One of my favorite classes I have taken at my college was called Encounter with Cultures. This class was divided into 3 sections that covered Native American, African American, and Mexican culture and stereotypes.

Over the course of the semester I learned so much about these three cultures and I was beyond fascinated. During one of the sections, my professor had an activity planned that I will never forget.
In the beginning of class he made us move all of the desks and chairs aside and had the whole class stand in a line, shoulder to shoulder, while he read off statements. If you felt like you were comfortable with the statement, he had you take a step forward. If you disagreed with the statement, you would just stand where you were.
The statements would sound like this: “I do not feel held back by the color of my skin” or “I am comfortable at the college I am at” or “When I am being loud or obnoxious, I know people will not associate it to my racial background”.
I began stepping forward with most of the other students in my class for quite a while. However, half way through I realized that I could not step any further, while the majority of the group was still stepping forward without hesitation. I looked behind me and there were only two other classmates that were left behind with me.
Sadness overcame my emotions.
When my professor was finished reading the 20 or so questions, he had everyone take a seat where they were standing.  Mostly every student, who was Caucasian, was on the other side of the classroom. For me and two other students it was a different story.
You see I like to think that my culture does not affect me in a negative way but only positive things happen to me because of my racial background. However, this isn’t true most of the time. I am effect by these stereotypes and preconceived notices. It’s probably the worst feeling you can ever have; the feeling that someone doesn’t like you because of your skin color or because of your racial background.

I learned that there isn’t much you can do about it but fully love and embrace who you are.
My professor asked us why we were sitting where we were. At this point, I had traveled to the middle of the classroom with another student of Hispanic descent.  What hurt me the most was to see my other classmate who couldn’t have taken more than one step during this whole activity. She was African American and she was at a loss for words as well as mostly everyone in the classroom.
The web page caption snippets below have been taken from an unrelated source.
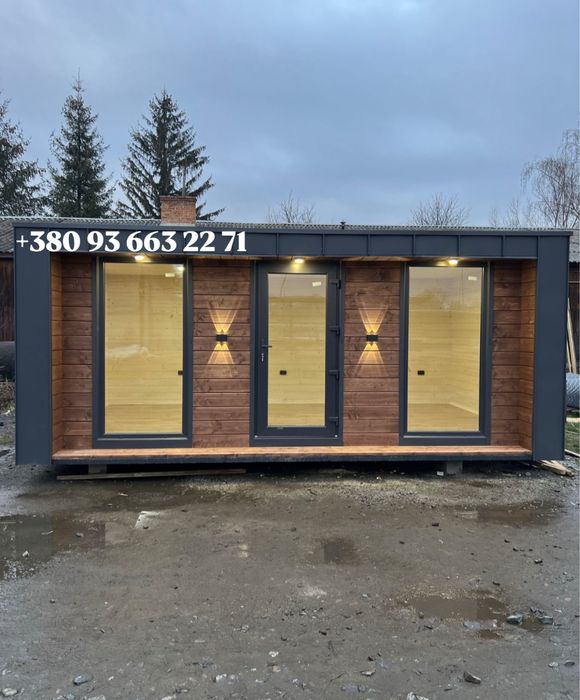 ТОП ЦІНА!!!Дачний будинок,побутівка,вагончик,домик,контейнер,маф,кіоск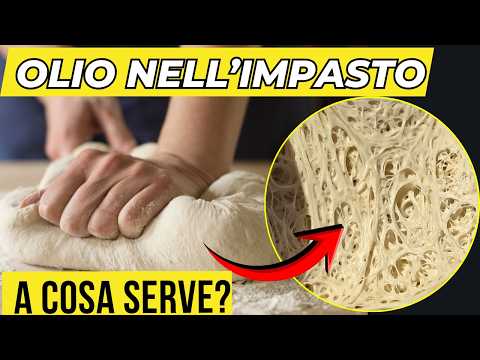 Everything you don't know about oil in dough. The basics of bread making.
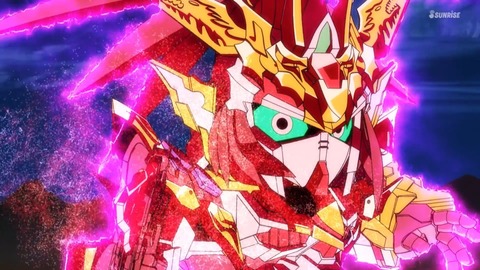 SDガンダム 三国創傑伝 第7話 感想 ネタバレ 548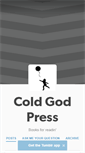 Mobile Screenshot of coldgod.tumblr.com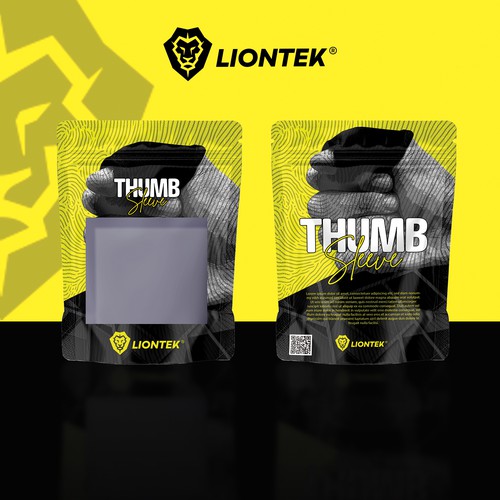 thumb sleeve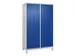 locker voor scheiding van kleding,HxBxD 1950x1200x500mm,4vak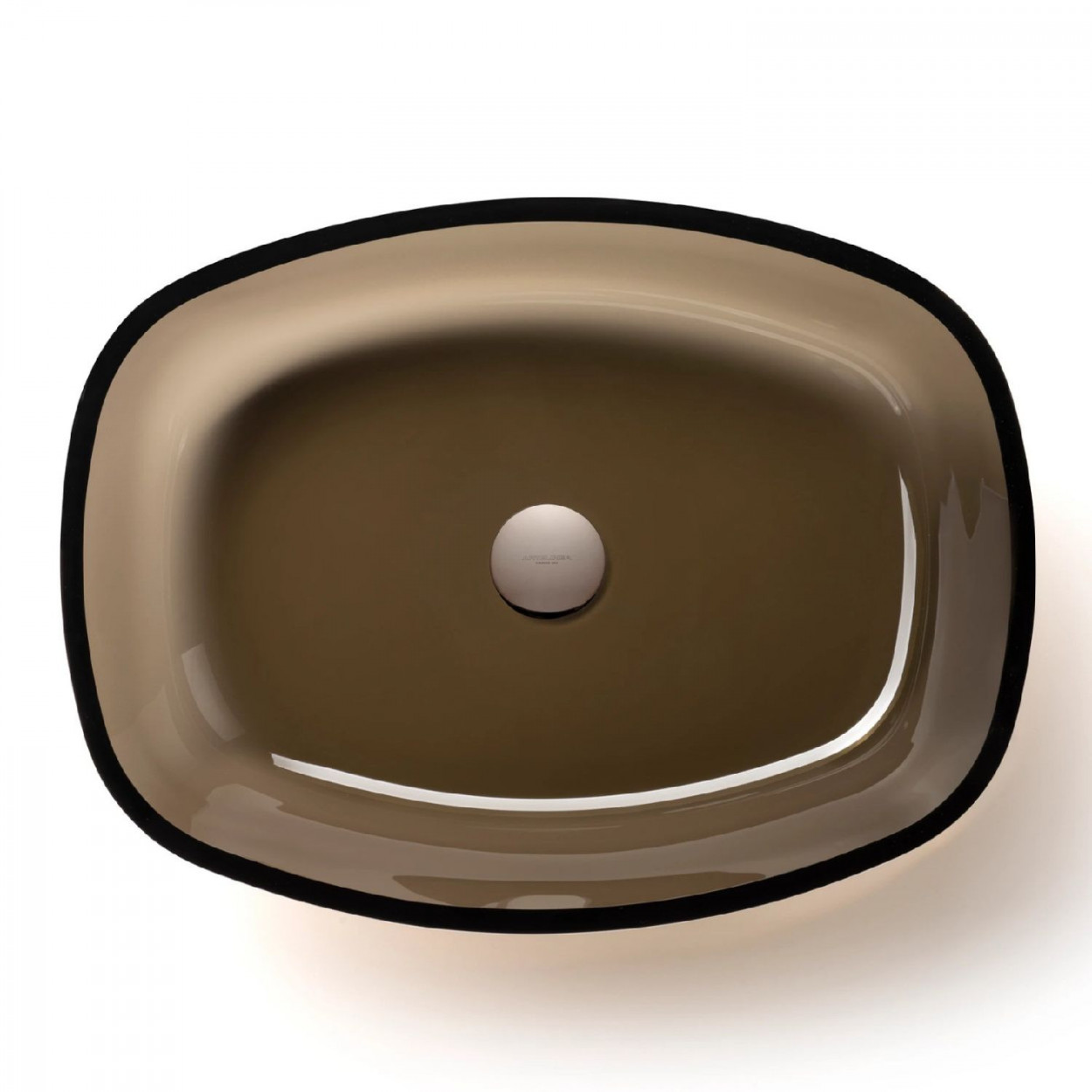 Lavabo da appoggio Capri bronzo – Artelinea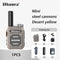 BT-330 Mini Walkie Talkie PMR 446 USB Portable Two-Way Radio Dual PTT Walkie-Talkies Portable Radio for Hunting Cafe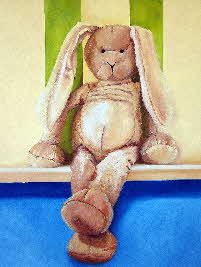 Knuffel konijntje by tonkinson-art Knuffel konijntje by tonkinson-art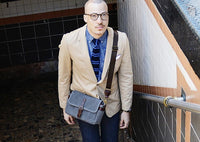 ONA The Bowery Camera Bag - Smoke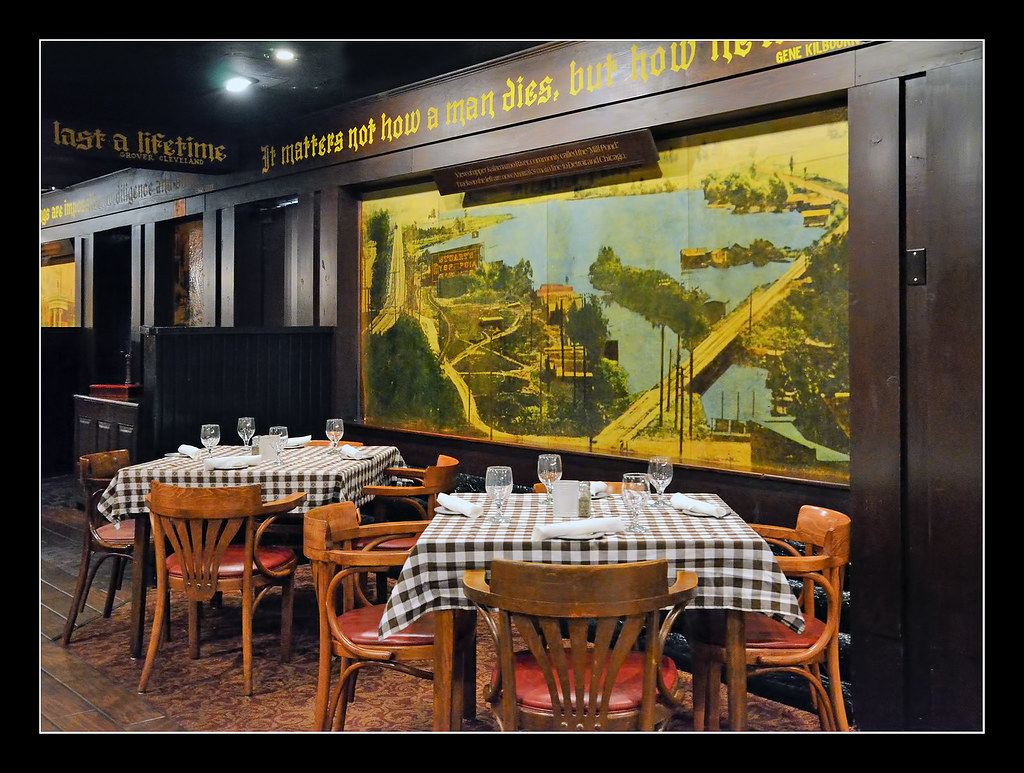 Dining Room Schuler's in Marshall, Michigan a photo on Flickriver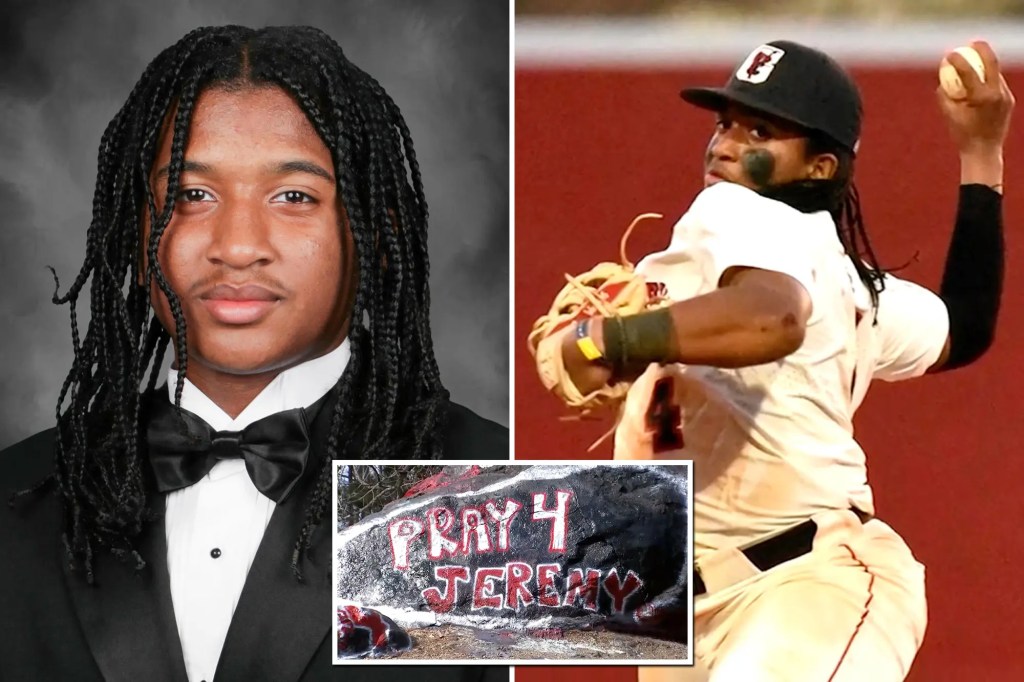 Georgia high school baseball player left in coma after getting hit by bat dies at&nbsp;18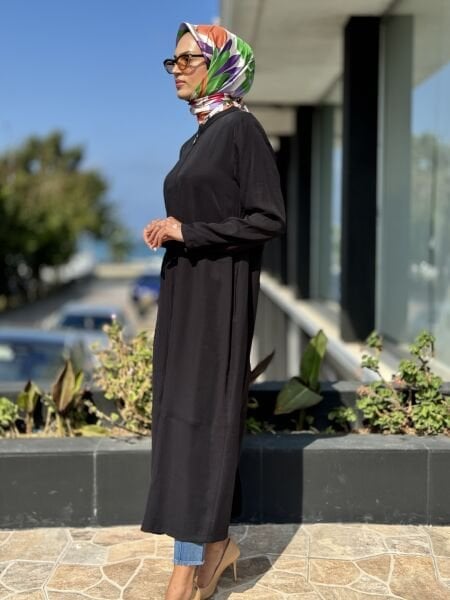 Almarwah Tencel Fermuarlı Basic Kap 404888-1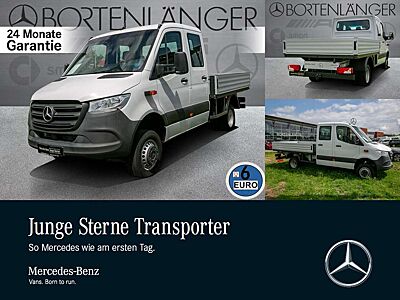 Mercedes-Benz Sprinter 519 CDI DOKA Pritsche Allrad AHK Tachog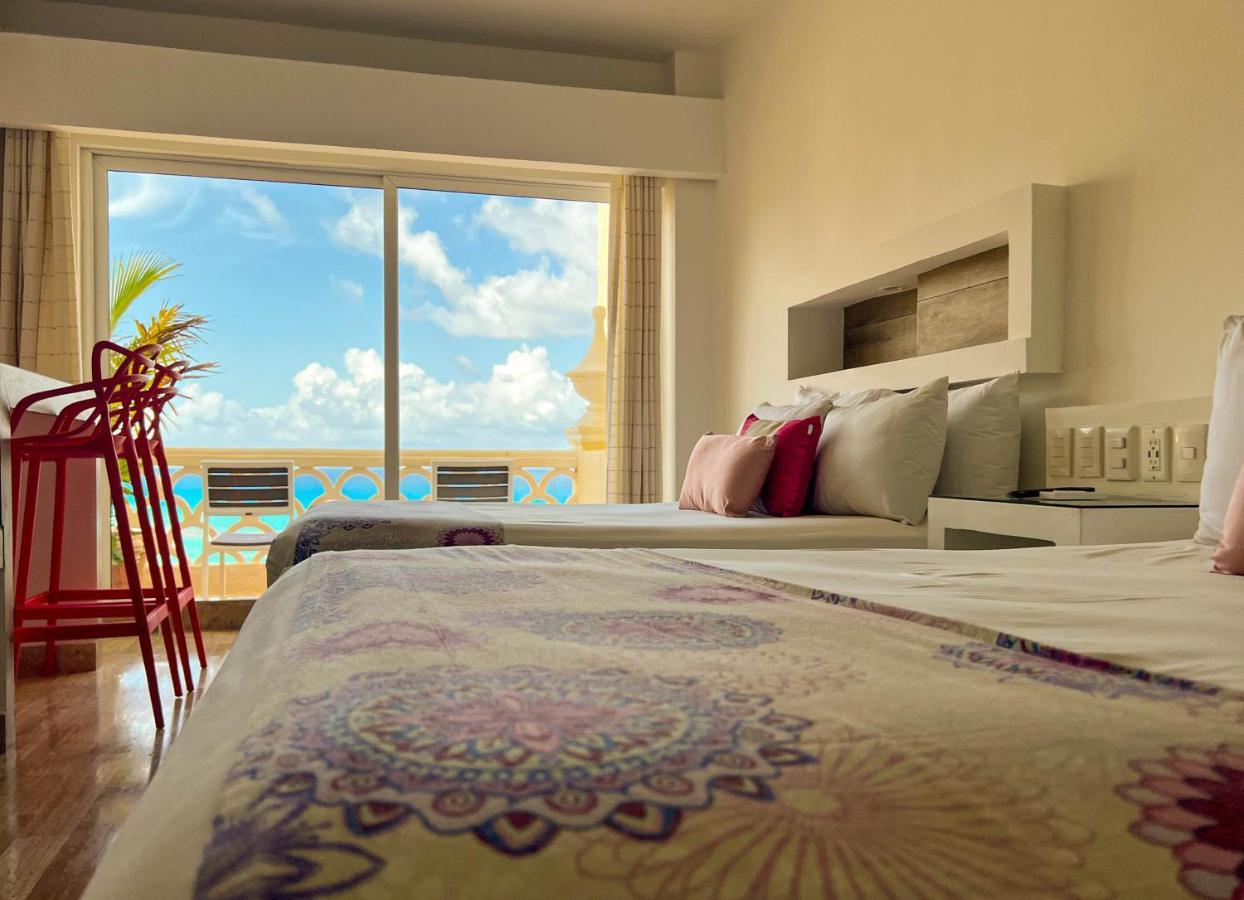 Beachside Apartments كانكون المظهر الخارجي الصورة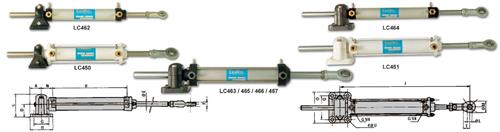 Lecomble & Schmitt cilinder LC466 50-228 185KGM 352 cc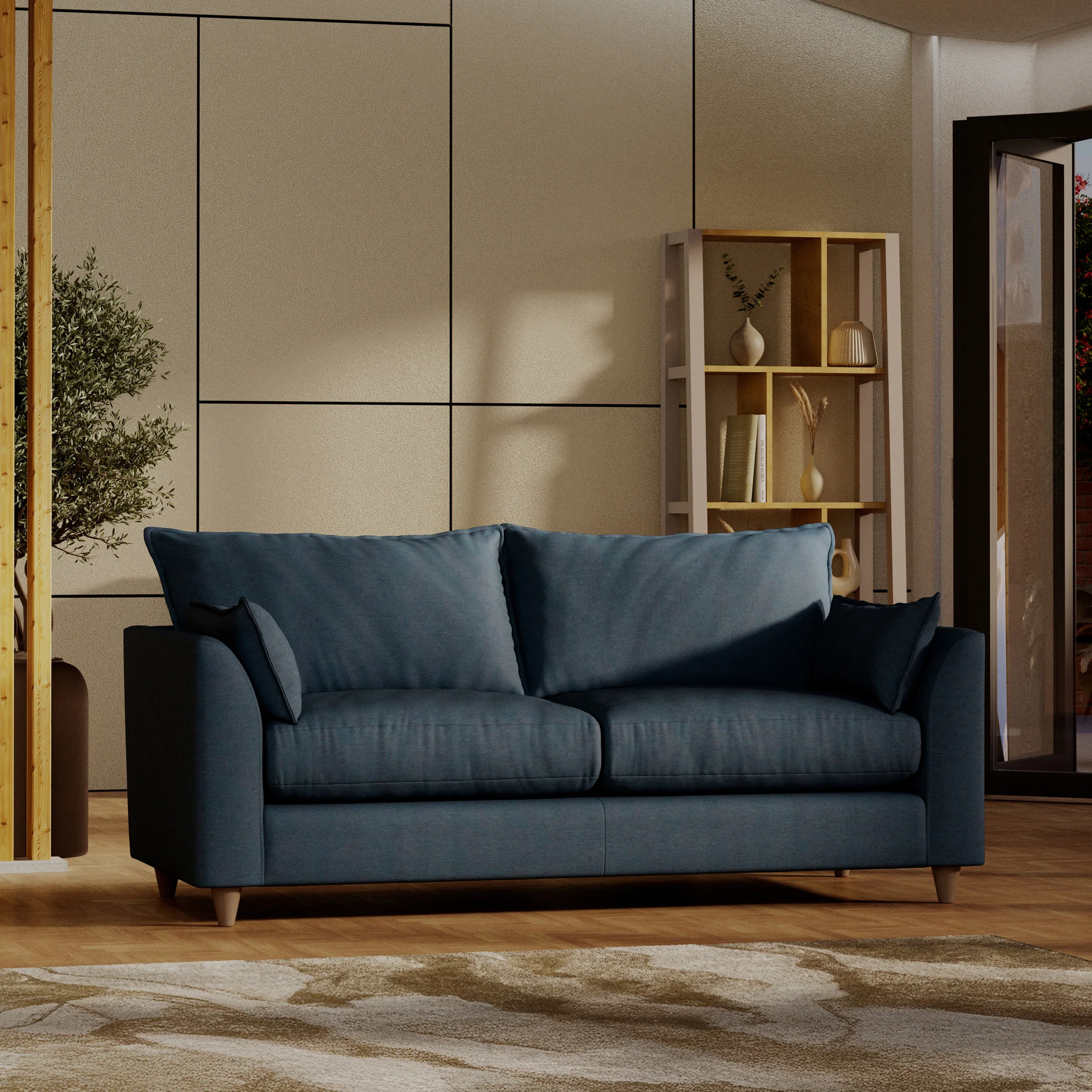Munro 3 Seater Sofa - Image 9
Since my college is predominately white, like I mentioned before, it’s hard to find where you belong if you are a minority. I had to explain to her and the rest of the class that it’s hard to be the minority constantly. You always wish for that moment to be with people that are like you, that share your same race and background to just relax and breathe a sigh of relief knowing in their eyes no matter what you do, you will not be judged.  

Open your eyes.

Stereotypes can have such a vast impact on people.  I just hope that the results of this activity will forever be imbedded into the heads of these students and that these students will learn to love people for who they are on the inside not the outside.

"Ina ewhen Sueretha": I am Christian

All throughout high school and in the beginning of my college career I would constantly be asked the most closed-minded question;

         "Why don't you wear that 'thing' on your head?"

That "thing" is actually called a Hijab which is a head dress that is worn by Islamic women after they have started their menstrual cycle to symbolize their womanhood and modesty. Most women can decide to wear it and others it is dependent on the country they live in.

The reason this question is so hurtful is because of my religious standing. I was born and raised into a Catholic family. My parents were part of the 2% of Christianity that was left in Iraq. Chaldeans were slowly leaving Iraq due to the disrespect that their dictator had on their religious views and churches. I remember the sorrowful stories that my parents would tell me about how their family and friends' churches were bombed. Recently, my mother lost her childhood church and the priests of that church because of a vicious bombing.

You see, another reason my parents came to this country was for religious freedom. Being Catholic is one of traits that I hold so strongly and couldn't imagine my life without my religious views. They define me as a person and the way I act in everyday life.

When people would ask this question without even thinking twice, it confuses me. I understand I have dark skin, eyes and hair but that doesn't need to stamp my religious views on my forehead. Imagine if someone assumed you were Jewish or Atheist without even getting a chance to understand who you are or where you come from.

I wish that people would think twice before they speak and also not assumed that all stereotypes are correct. This is where my culture has its downs but I also think it’s because of the culture America has supported. I love America and I hope that in generations to come, citizens can become more aware of others and the great, culture-rich tossed salad that we, American citizens, are together.